Wednesday, March 18, 2009

Word of the Day...

 

 

There are countless words that could summarize so much within each and every given day.

It am not sure if that is possible...

Regardless it's interesting to say the least.

 

Peace

 

 

 

 

Tuesday, March 17, 2009

Happy St. Patrick's Day...

Danny Boy

 

Oh Danny boy, the pipes the pipes are calling,

From glen to glen and on the mountainside.

The summer's gone and all the leaves are falling,

'Tis you must go, 'tis you must go and I must bide !

But come you back, when summer's in the meadow,

Or when the valley's hush and white with snow !

Then I'll be there in sunshine or in shadow,

Oh Danny Boy, Oh Danny Boy, I love you so !

And if you come, when all the flowers are dying

And I am dead, as dead I well may be

You'll come and find the place where I am lying

And kneel and say an "Ave" there for me.

And I shall hear, tho' soft you tread above me

And all my dreams will warm and sweeter be

If you'll not fail to tell me that you love me

I simply sleep in peace until you come to me.

Oh Danny Boy, Oh Danny Boy, I love you so! 

 

 

 

 

http://www.history.com/content/stpatricksday/who-was-st.-patrick

Monday, March 16, 2009

The Banking System...

Seemingly there is a need for economic change. I could stand to be corrected and I know that most don't like thinking about this but why is it that a regulated system looked upon as being a breach within the government within the US right now?

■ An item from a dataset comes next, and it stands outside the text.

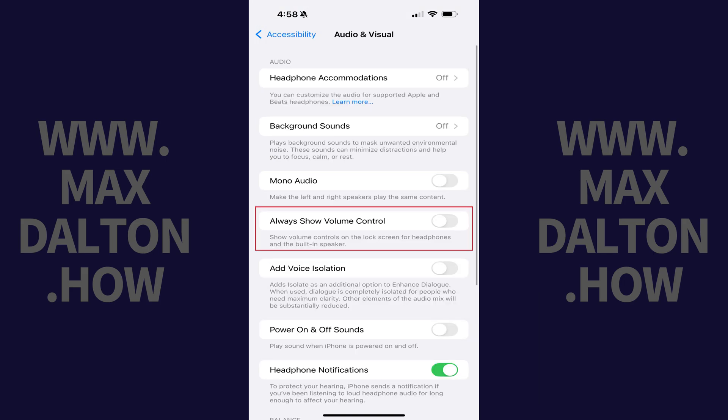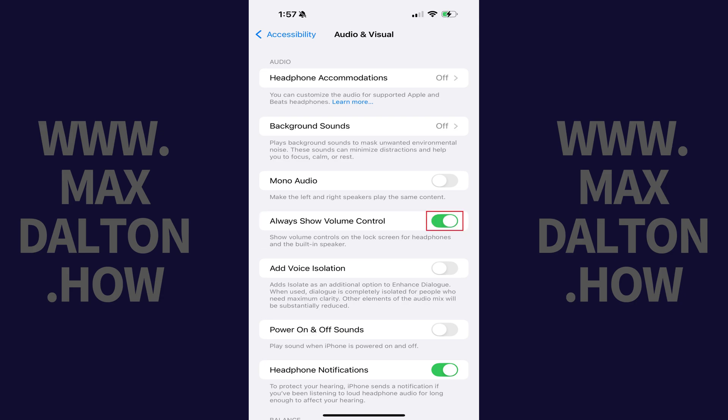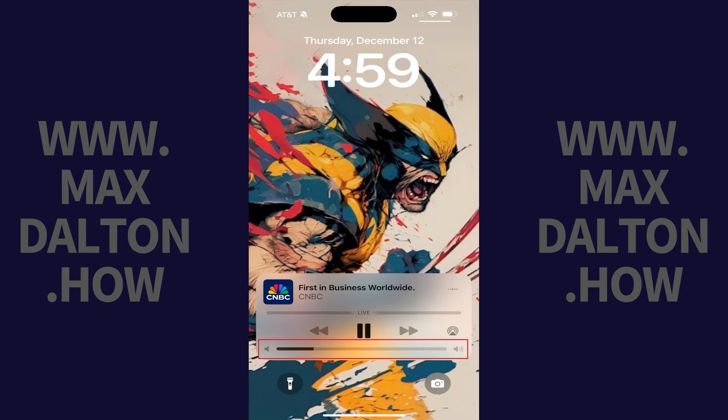Step 3. Navigate to the Audio section, and then tap to toggle on Always Show Volume Control in this section. Going forward, whenever you have audio playing on your iPhone, the volume slider will always be shown on your device's lock screen.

Seem's that there are things that keep happening within that banking system right now and it's the money of the people by way of taxation with representation.

It's not a negative but I could stand to be corrected but in a regulated banking system the government by way of law has the ability to place certain areas into place whereby there cannot be a breach within the banks. It may be a resolve for the time being...

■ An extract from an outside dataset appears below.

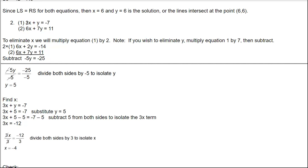For the second problem, we have two equations: we're going to eliminate x. We have 3x and 6x, so if I multiply the first equation by 2, that'll make it 6x — the same as the second — and then we can eliminate the x's. Alternatively, you could multiply by 7 to eliminate y, but I'm going to eliminate x here.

In no manner do I look at things from one vantage when it comes to economics, I look at it from a variety of areas. As well as some that really seem to have understanding of the times in which we ALL are facing.

 

Just my thoughts...

Sunday, March 15, 2009

The Economy...

Do you think that we need to be placing this first internationally?

 

Yeah Why Not...

Since I was a kid my father took pride in me. I was the youngest in the family and the third to be with the name I have. I thought I would come back to this as I think that many see this as a sad story but it's the contrary. as the picture about is one that was taken when I made a winter visit from NYC. 

 

He was a man that after retiring went into another area for 15 years and I wish he had got on the computer and write.  Back in those times, computers were only used with work and we don’t have what we had for today.

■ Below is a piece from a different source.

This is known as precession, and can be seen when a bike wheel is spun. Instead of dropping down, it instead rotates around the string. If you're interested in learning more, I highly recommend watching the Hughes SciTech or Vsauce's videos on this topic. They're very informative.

I mentioned what stage my father is at and I am at peace with that. I had not seen him in some time but right now with what I have learned with regards to his health is something

that I dealt with at the first time he was hit with cancer and had a few years to go.  And aside from the cancer, I talked to him as I talked with him the weekend before last when I

made that trip to Saskatoon.  And it's all good.  I am not saying that for the sake of saying, I really mean that. 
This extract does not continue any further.